Aside from Pavel Shen's 2-1 goal in a New Year's Eve showdown between Canada and Russia, Phillips has been exceedingly effective in his role. Even that goal doesn't fall solely on Phillips' shoulders -- Evan Bouchard, Phillips' primary defensive partner, had front row seats as the Russian winger took the puck to the front of the Canadian net.
Phillips has been one of Canada's best, most reliable defensemen through the tournament. The host Canadians control most of the goals with Phillips on the ice, as his plus-three can attest. Phillips has also been active at the offensive end of the rink, subtly chipping in with three assists in the round robin portion of the tournament, good for a tie for first in defensive scoring on Canada with Ty Smith.
Rasmus Kupari, Team Finland
Of all the Kings' prospects taking part in this year's World Juniors, none carried a higher pedigree than Rasmus Kupari, whom the Kings drafted 20th overall in the first round of last year's draft.

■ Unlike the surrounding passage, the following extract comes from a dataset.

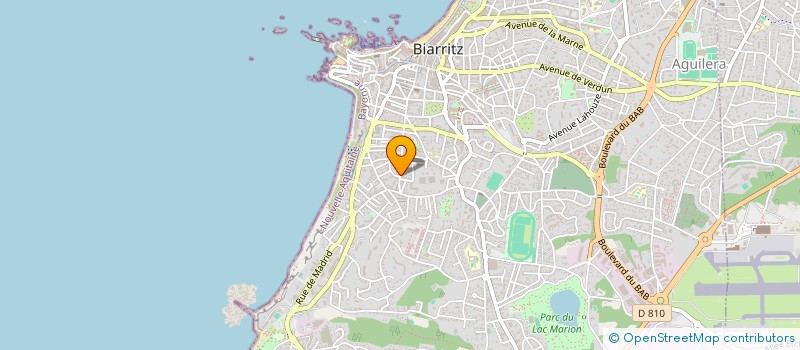 localisation de l'entreprise MONSIEUR ABDEL HAKIM HADDAD à BIARRITZ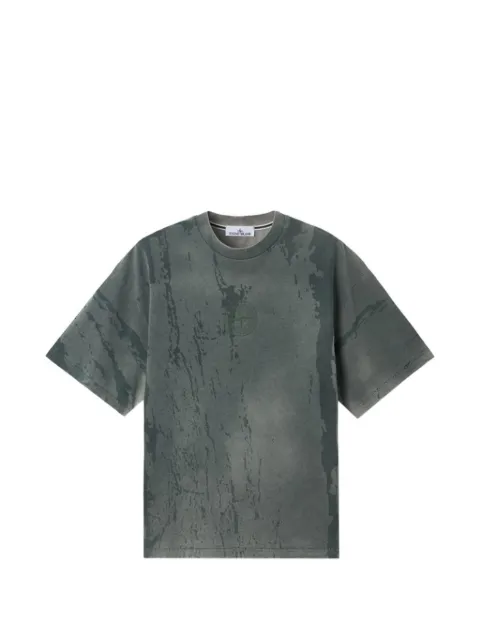 Stone Island 2100002 organic cotton jersey, laser colour garment dyed T-shirt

The Finnish have used Kupari as the team's first line center, playing alongside Aleksi Heponiemi and Eeli Tolvanen to form one of the best lines on paper in the entire tournament.
The points have been hard to come by for Kupari, who one might argue has been among the most snake bitten players in the tournament.
Kupari's 14 shots put him in a tie for 10th in the tournament, but he's only the one assist to show for it. A player like Kupari, in a tournament like this, should be converting on a far higher number of his opportunities than he has been thus far.
Depending on how many games Kupari's Finnish team play in the elimination rounds, I'd expect his production to rebound in a big way. It's worth noting that Heponiemi and Tolvanen have only combined for three points too so this has all the hallmarks of just an abnormally low percentage of shots going in the net with that line on the ice.
Mikey Anderson, Team USA
It says a lot about Mikey Anderson's quality as a person and character in the dressing room that the Americans named him team captain in spite of this being Anderson's first appearance in the World Juniors. Most of the scouts I've spoken to during my time in Vancouver covering the tournament overwhelmingly supported the decision, too. There's no questioning Anderson's merits as a leader.
The Americans have been able to get as much if not more out of Anderson on the ice as they're surely getting in the room. Anderson chipped in with three points (2-1=3) through the round robin portion of the tournament.
The most recent goal helped spur the Americans to come back from a 4-0 deficit to Sweden on December 29 and force overtime - the Swedes did eventually win that game in the extra frame.
While Anderson's offense is surely appreciated by the Americans, it's his sound defensive play that's the hallmark of his game. Anderson has led Team USA in ice-time frequently and has earned a plus-three to date in the tournament.
Johan Sodergran, Team Sweden
This year's iteration of the Swedish roster entered the tournament with a lot of question marks for their forwards' corps. The opportunity existed for Sodergran, a Kings' sixth round draft pick in 2018, to emerge as one of the team's leaders up front.
Instead, Sodergran has played mostly near the bottom of the Swedish lineup. This is hardly something driven by his level of play so much as circumstance. Players like Emil Bemstrom have exploded offensively and the late addition of Isac Lundestrom doesn't help Sodergran's case either. To make matters worse, Sodergran is one of many Swedes that missed their last round robin game with the flu.